The FRB derives most of its income from interest on the government bonds it holds,   and remits its income back to the US Treasury annually.  Commercial bank profits goes to its shareholders.

Federal Reserve notes, coins, and bank credit all circulate in the economy as part of the nations money supply.  When the FRB buys government bonds from the banks,  it  credits the banks account with the FRB.   Commercial banks use the FRB payment as base money from which they extend loans to customers on a 9 to 1 ratio,  if my figure is accurate.   The FRB base money morphs into checking account and credit card balances via fractional reserve banking.     Bank customer deposits make up most of the nations money supply, as a result.   When you open an ccount with a US bank, you are surrendering legal title to your deposit and it becomes the asset of the bank though the bank also books it as a liability.  They can also replace physical cash as payment.   The customers checking account has no actual dollar bills, because a checking account is just a liability owed by the bank to its customers (wikipedia)

Fractional reserve banking does more than expand the nations money supply however.   When the FRB pumps bank reserves with the aim of stimulating economic activity (per JMKeynes),    customers flush with bank credit can go out and buy all sorts of goods, like homes.                This demand push up prices of goods and in our economic system,   prices serve an important function since it relays the underlying supply and demand picture in market goods.      Rising prices for goods, say homes, signals builders that now is the time to increase housing development projects and make money.     It is market prices that aligns production with consumption in other words.    Production of goods are done by  those profit-seeking loss avoiding businessmen,   employing private property  and follows the signal of the fluctuating market prices to tell them what to produce to make money.     Making a profit tells them  if they have pleased the consumer.   Hence,  it is the consumers buying choices that is obeyed in the market economy.     The central planners of the old soviet union didn't have private property, markets or entrepreneurs.    The results were  famine, gluts, or  shortages of even the basic staples.  

As  builders crank up production, employment rises and soaring profits encourage newcomers to the game.    
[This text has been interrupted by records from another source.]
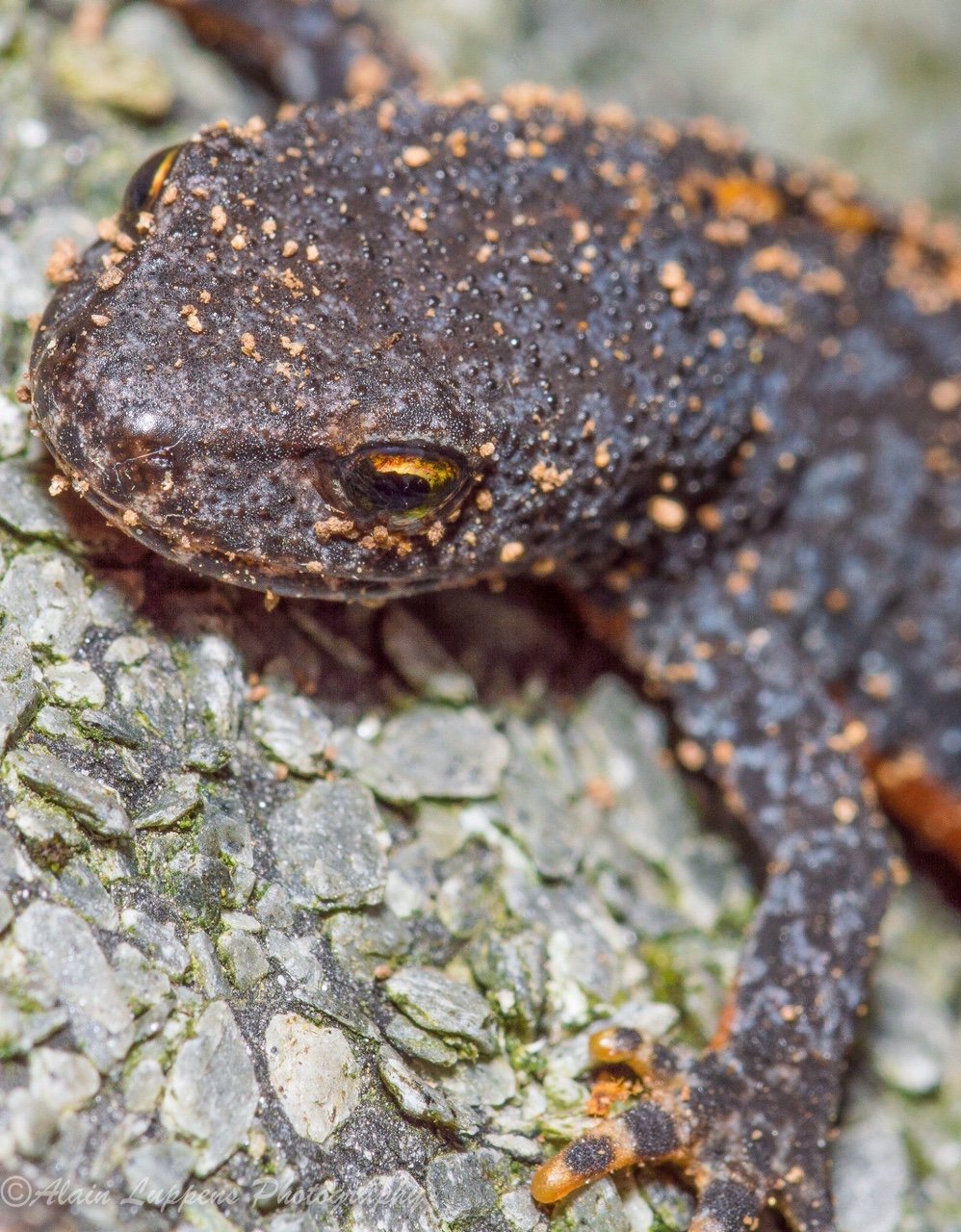 alpenwatersalamander-mannetje-landfase-0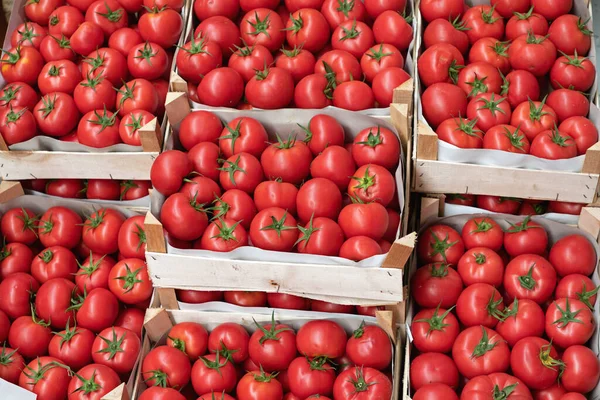 Crates Red Tomato Warehouse Storage — Stock Photo, Image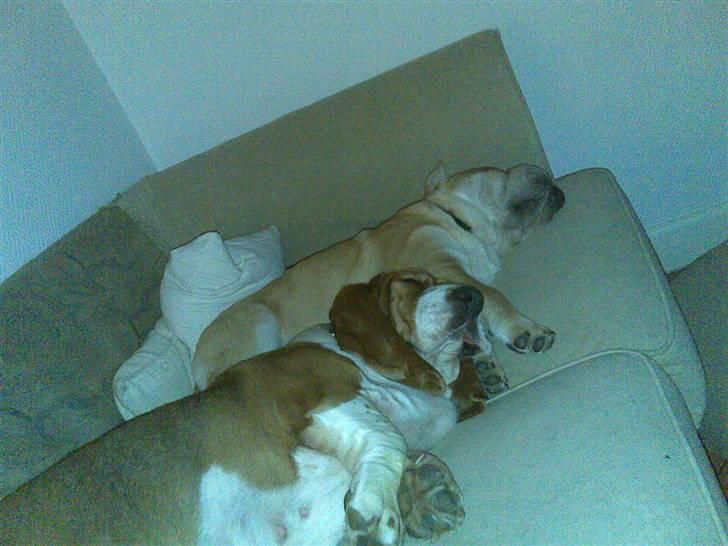 Shar pei Bertil - Det er så vores sofa! billede 6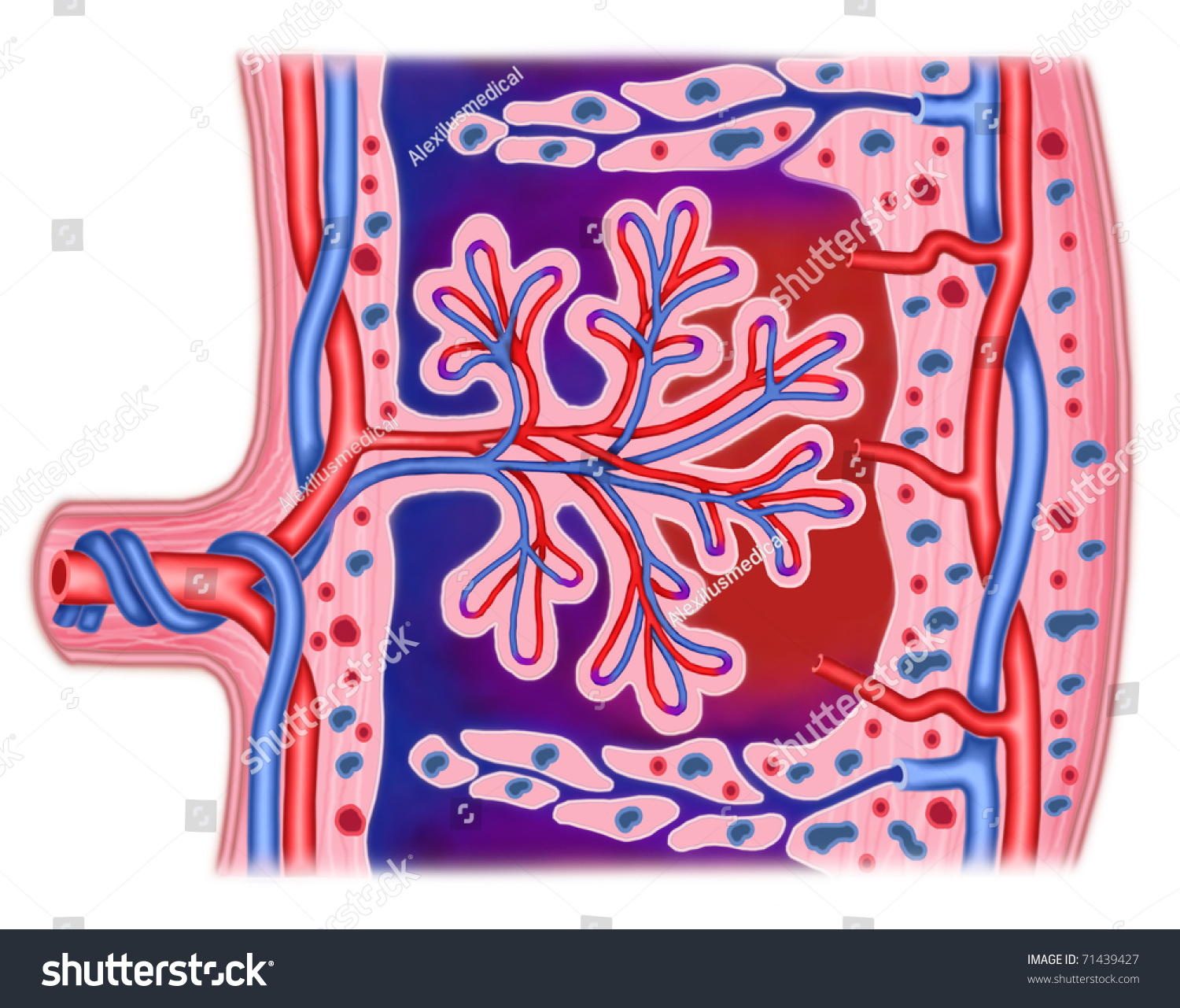 Schematic Illustration Section Placenta Stock Illustration 71439427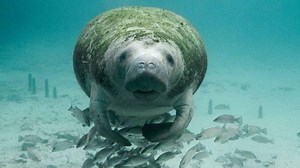 Artificial intelligence used to count manatee clusters in real time: FAU researchers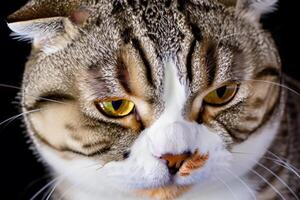 Exploring the Allure of a Beautiful Scottish Fold Cat, where Whiskered Elegance and Playful Charm Unite in a Mesmerizing Portrait of Cuddly Delight photo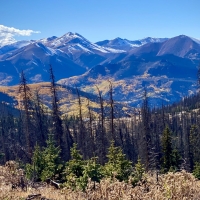 Rio Grande National Forest, Colorado
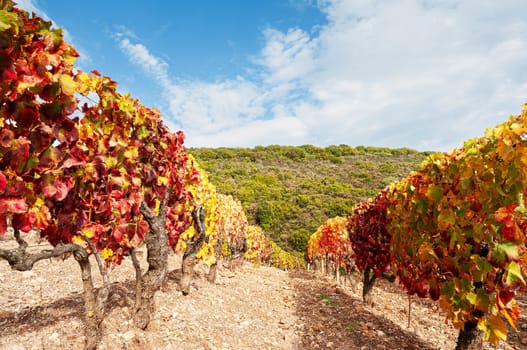 Mountain landscape in autumn with vineyards with colorful red and yellow leaves, Sardinia, Italy. Traditional agriculture. Beautiful colors in autumn.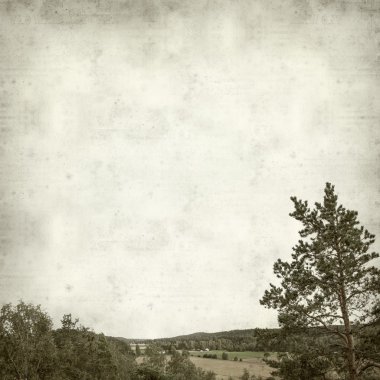 desenli eski kağıt arkaplan  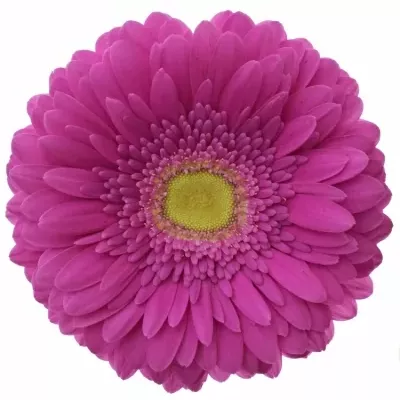 Gerbera GR ZAZZO 10cm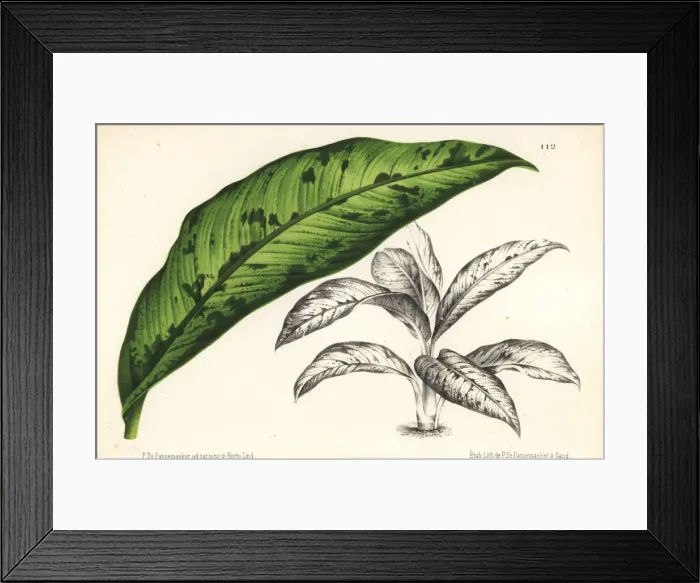 Framed Print : Dumb cane, Dieffenbachia bowmannii Framed Print : Dumb cane, Dieffenbachia bowmannii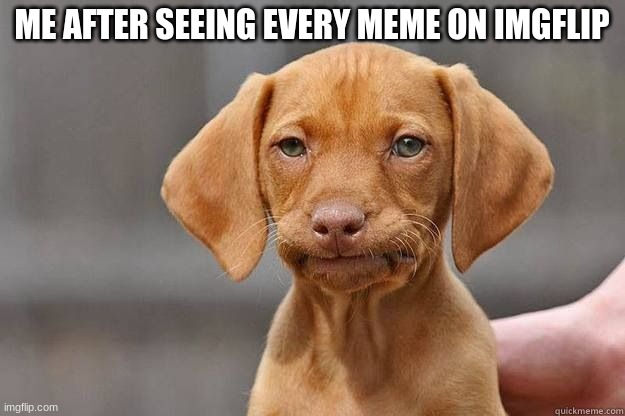 I feel like that | ME AFTER SEEING EVERY MEME ON IMGFLIP | image tagged in disapointed dog | made w/ Imgflip meme maker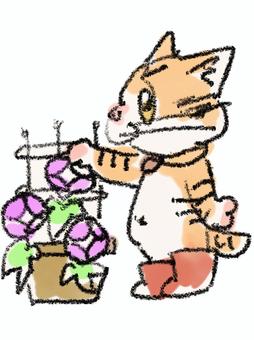 Morning glory and cat, cat, animal, tea tiger, JPG and PNG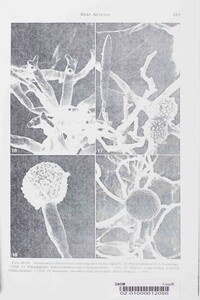 Fusarium polyphialidicum image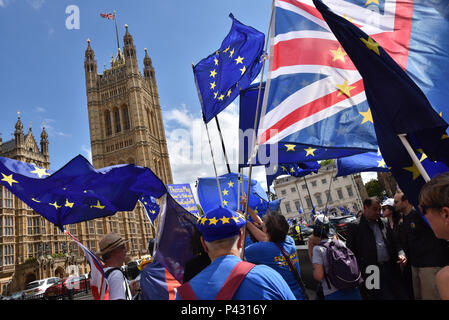 Le Parlement, à Londres, Royaume-Uni. 20 juin 2018. La SODEM, anti Brexit en dehors du groupe de maisons du Parlement au moment de la "signifiante vote" a lieu à l'intérieur. Crédit : Matthieu Chattle/Alamy Live News Banque D'Images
The bust  begins when the FRB starts tightening the money spigot ,  demand slackens putting downward pressue on prices leaving builders with a glut of unsold homes.   Losses mount, employment drops and banks fail.   The economy  cannot  respond in lockstep with the aims of  monetary policy because its made up of people, producers and consumers alike with individual reactions to losses.  Banks today are flush with reserves from the FRB, consumers are goaded with cheap credit once more but they are not responding as expected.  And  bank failures,   is where the creation of the Federal Reserve system pays off for the banks, they have a lender of last resort to bail them out.   

I mention these to point out the obvoius:     it is the government that is doing the borrowing, not the banks.   And by  legislating the Federal Reserve into existence, they gave the banks what it coveted:    fractional reserve banking and a lender of last resort, and in return the government is provided with money they do not have to collect in taxes.     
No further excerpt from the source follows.